• [WORK REQUIRED]: From the first line to the last, return the data exactly, with no pictures.

• [DATASET EXCERPT]:
________________________________________

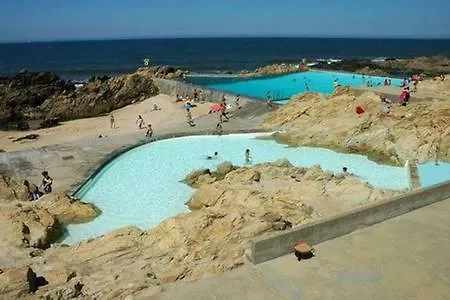 Porto Je T'aime - Luxury On The Beach *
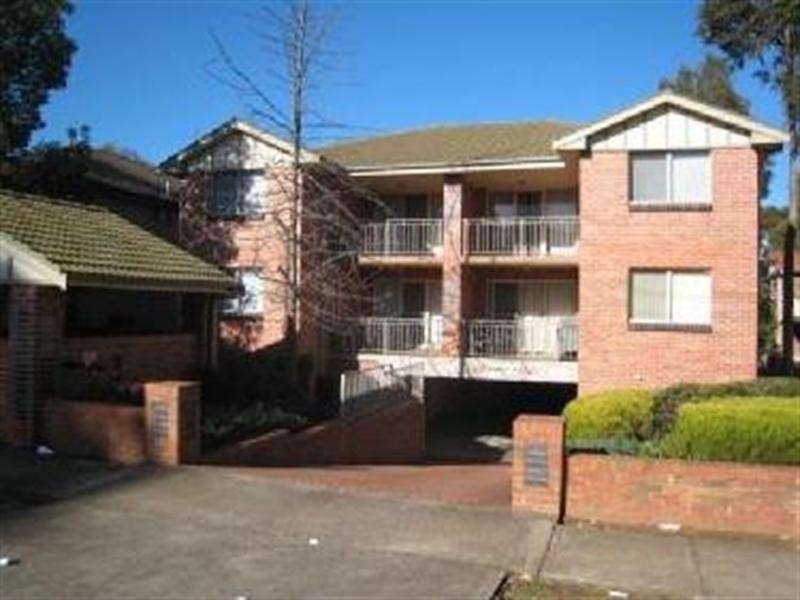 11/36 Virginia Street, Rosehill NSW 2142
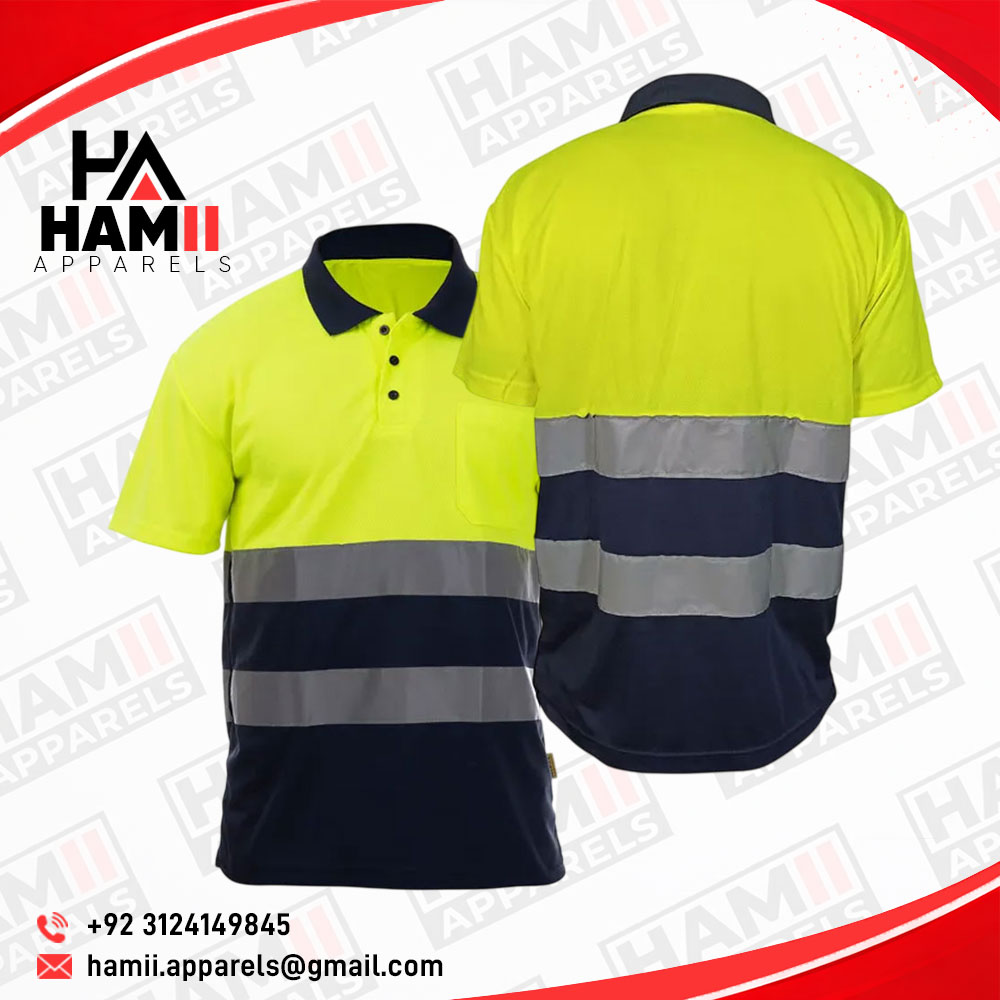 Working Polo Shirts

________________________________________

• [COMPLETED TASK]:
 Porto Je T'aime - Luxury On The Beach *
 11/36 Virginia Street, Rosehill NSW 2142
 Working Polo Shirts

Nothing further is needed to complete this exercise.